Went out to Gibbons with 2 buddies, we rented kayaks had a good day of fishing for an afternoon. Fished from 4-7:30 caught 29 fish total most of them a solid 3 pounds only caught 2-3 under 2 pounds and the big one ones on the day were a 4.12 caught by my buddy and I caught a 6.1 late in the afternoon.. Overall good day most fish caught on worms and a few on a spinnerbait!


----------



## Bozo (Jun 16, 2004)

Good report! And it is good to know that you don't need a 40K boat to catch bass.


----------



## bearkat08 (Dec 10, 2007)

Nice looking fish. I have been wanting to go out there.


----------



## 12poundbass (Jun 25, 2007)

Nice fish. I am taking a trip to Coleto Creek soon.

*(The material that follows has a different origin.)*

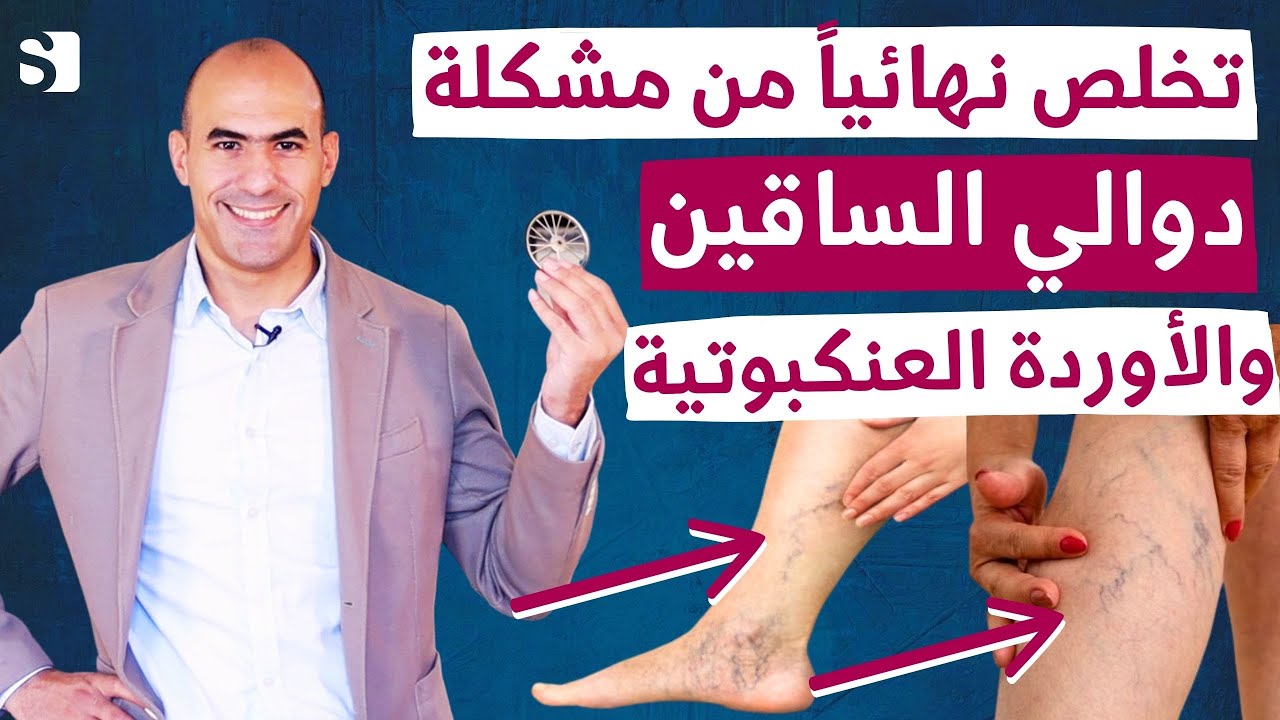 علاج دوالي الساقين والاوردة العنكبوتية نهائيا | تخلص من مشكلة الدوالي باسرع طريقة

I'll give a report.


----------



## Nutt4fishin (May 16, 2008)

UR right their about not having to have o 40,000 $ boat BUT it sure is nice 



Champion 202 200EFI SWEET!!!!!!


----------



## BillyG (Oct 19, 2004)

I go there a lot and never had that kind of luck. good job.


----------



## blanked again (Jul 2, 2008)

what colors were you using?


----------



## The Machine (Jun 4, 2007)

nice fish


----------



## hankys15 (Oct 24, 2007)

Watermelon red


----------



## lunkerbrad (Feb 17, 2007)

nice those fish live shallow in that lake and hold on cover tight . that is one of the best sacks 29 fish i have seen.
most of the time you get lucky to get more than five alive on that lake . but my old buddy pat obrien has the lake record still .
think it was 16 lb bin about 20 yrs ago . hit the discharge spillway with a DD-22 in tennessee shad yellow belly.
i like plum creek hit it with a minus one in sour grape old school .


----------